What to work on
Any picture in the data below gets skipped; print all the rest exactly.

Data shown
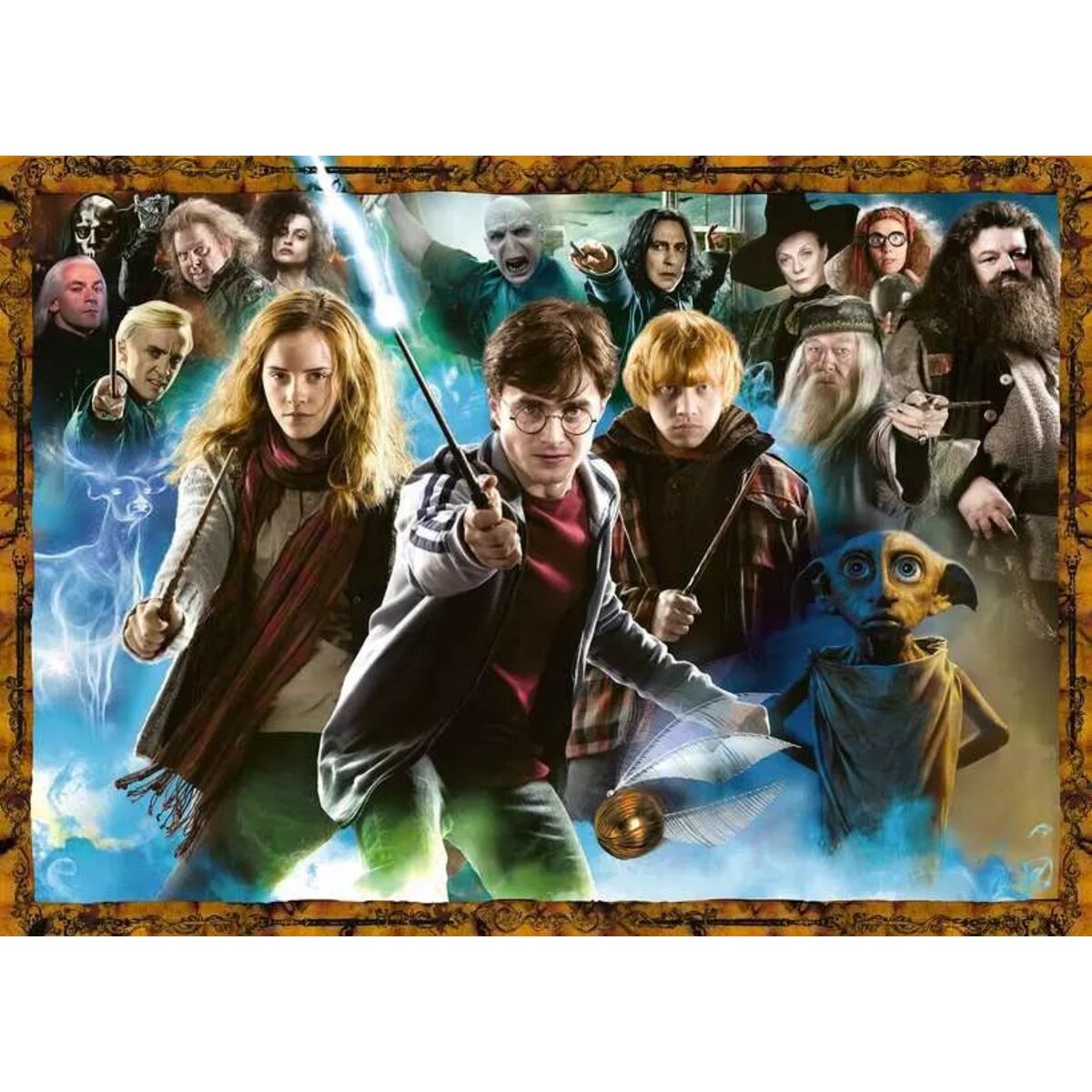 ravensburger-puzzle---der-DD78B4782.jpg
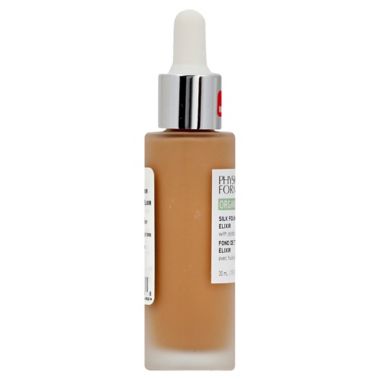Physician's Formula&reg; Organic Wear&reg; Silk Foundation Elixir in Medium to Tan. View a larger version of this product image.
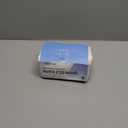 Replacement Cushion for AirFit F20 Mask Large, FSA & HSA Eligible, 2-Pack Compatible with Original F20 Frame, Reliable Seal & Perfect Fit for Full Face Mask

The completed task
 ravensburger-puzzle---der-DD78B4782.jpg
Physician's Formula&reg; Organic Wear&reg; Silk Foundation Elixir in Medium to Tan. View a larger version of this product image.
 Replacement Cushion for AirFit F20 Mask Large, FSA & HSA Eligible, 2-Pack Compatible with Original F20 Frame, Reliable Seal & Perfect Fit for Full Face Mask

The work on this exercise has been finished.